Quilts Rating: What’s Your Best Profit Prediction for 2023?

Mint annually does its famous ‘quilt’—a ranking of how content performed that year. It includes 10 asset classes – large cap, mid cap, small cap, international, real estate, G-sec, treasury bills, corporate bonds, credit and gold. How do you use this blanket for investment? It currently has data for 10 years, and the only theme is: unpredictable annual returns.

We broke this down quantitatively. Let’s say each year, you invest in the two best assets from the previous year. On average, your profit will be—average. But what if you went the opposite direction and, like a true value picker, invested in last year’s worst assets? Your returns will again, unsurprisingly, be average.

Some other facts we know intuitively about these asset classes are also true. Small cap, arguably the most volatile on the list, is almost always in the top 2 or top 2. Likewise, gold (the most boring) is often at the top or bottom 2. What’s the blanket not taking into account is a risk, because that is not possible in these table formats. T-bill is usually one of the worst rated, but that’s also because it’s the most stable.

When we invest our money, most of us seek to grow it at a reasonable rate and also sleep peacefully at night. Therefore, we are trying to optimize our return for each unit of risk we accept. Therefore, the first level answer to figuring out which assets to buy is really to take a portfolio approach and allocate between these assets based on your ability and willingness to take risks. . Then, the most convenient step to make sure you’re actually following this allocation is to go back periodically to rebalance and stick to your target weights for each asset. But what if we want to level up and be more dynamic in asset allocation? Let’s look at this year as an example of how to do this.

We started 2022 close to the peak of the stock market. Then came the Ukraine war, US inflation data, rising interest rates and oil price volatility. At some point, we also worry about China-Taiwan geopolitics, chickenpox, the UK causing debt contagion and the EU running out of gas. We are still worried about most of the above as well as climate change, nuclear escalation and China’s strange covid policy. While this may sound exhausting, markets experience it every year when a new disaster threatens our way of life.
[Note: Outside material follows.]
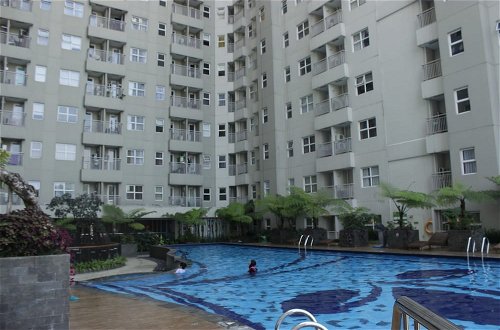 Foto 36 - Direct Access to Pool 2BR Apartment at Parahyangan Residence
Most of this is short-term noise.

Thus, this year we have gone from ‘climax of greed’ to ‘peak of fear’. At one point Nifty fell 17% from its peak and has since recovered. The general rule that I like to follow is to feel ‘a bit disappointed’ when investing. This means that, at a time when I think all is murky and doom, it might be a good time to increase the allocation to that asset. Investing in stocks between February and June 2022 looks terrible — but it’s the only money making money in stocks this year.

It is important to note that ‘mild despair’ should not be confused with ‘extreme fear’. Most rational investors are also scared of the market highs, wondering if they should cash out. But that’s not a great strategy. For the past 15 years, the best strategy in the stock market has been “momentum.” Momentum basically means you invest in winners, i.e. companies whose stock prices are rising.

So when you see the 52-week high, the momentum strategy most likely requires you to invest more in the stock. Therefore, cashing out at market highs out of fear is not something I recommend. Think of it this way: Nifty is at 18,000 today. In the long run, will it get closer to 10,000 or 100,000? My bet is 100,000. Therefore, investing at a market peak does not mean suboptimal long-term returns.

But investing at the ‘somewhat desperate’ level is a great rule of thumb; when the asset type doesn’t look very attractive because there are too many obstacles. It’s like betting on BFSI or autos last year or on Nifty in February. There is no structural problem with the content, but you will feel uncomfortable for a while.

Therefore, my advice is to start with level one—where you use the blanket to define your assets and broadly understand how they work, stacking risk/volatility above this level to Find the right allocation for you. Then level two is opportunity – look at assets and sectors that give a sense of despair but are structurally fine. Those are good candidates for active weight gain.

Kanika Agarrwal is the co-founder of Upside AI.